> **Dataset content**:

···

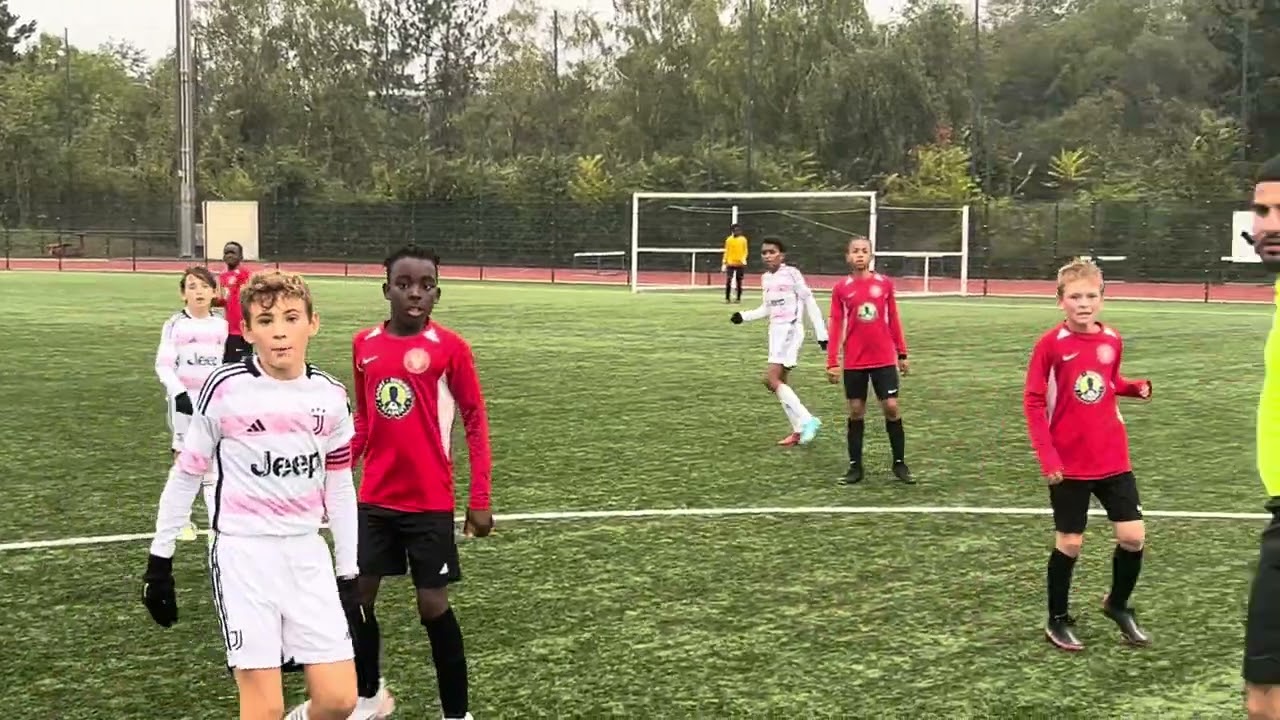 Juventus de Turin vs US Villejuif(Joinville CupU11)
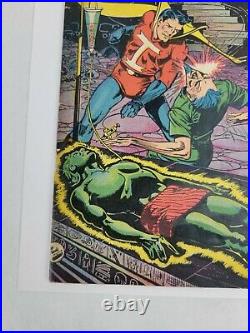 Four Favorites #21 Ace Comics 1946 Golden Age Sci-Fi Cover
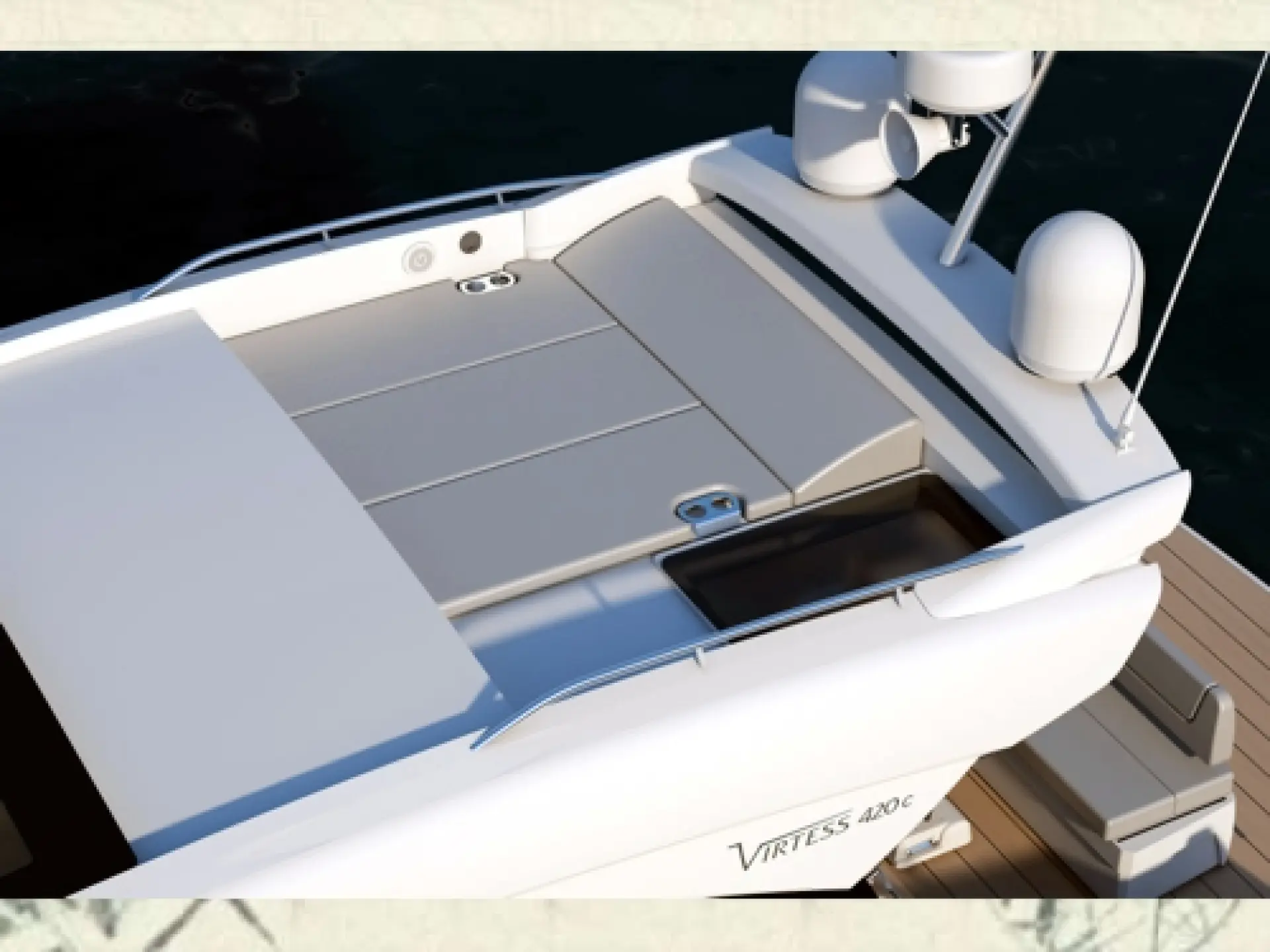Bavaria 420 Virtess Coupe Fly — 6/7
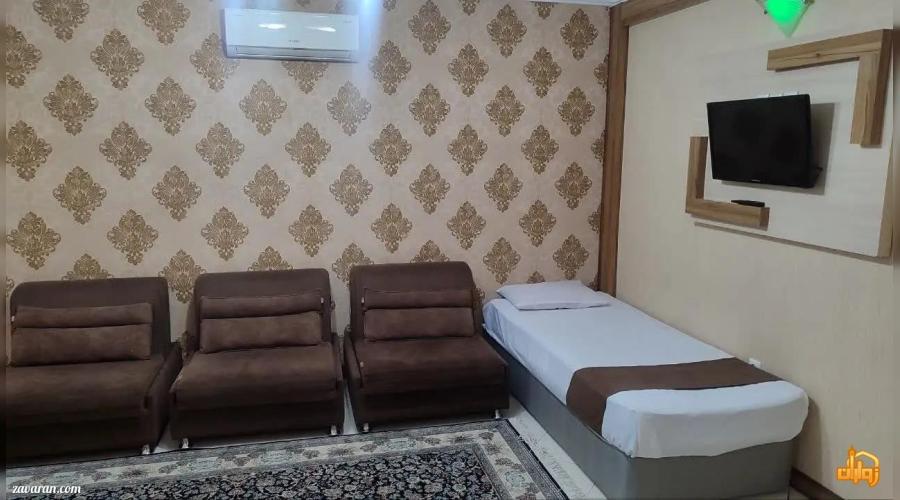 رزرو هتل و هتل آپارتمان ارزان مشهد فقط با پرداخت بیعانه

···

> **Description of the task**: Leaving every picture out, repeat each line of the material exactly.

> **Response to this exercise**:
 Juventus de Turin vs US Villejuif(Joinville CupU11)
 Four Favorites #21 Ace Comics 1946 Golden Age Sci-Fi Cover
Bavaria 420 Virtess Coupe Fly — 6/7
 رزرو هتل و هتل آپارتمان ارزان مشهد فقط با پرداخت بیعانه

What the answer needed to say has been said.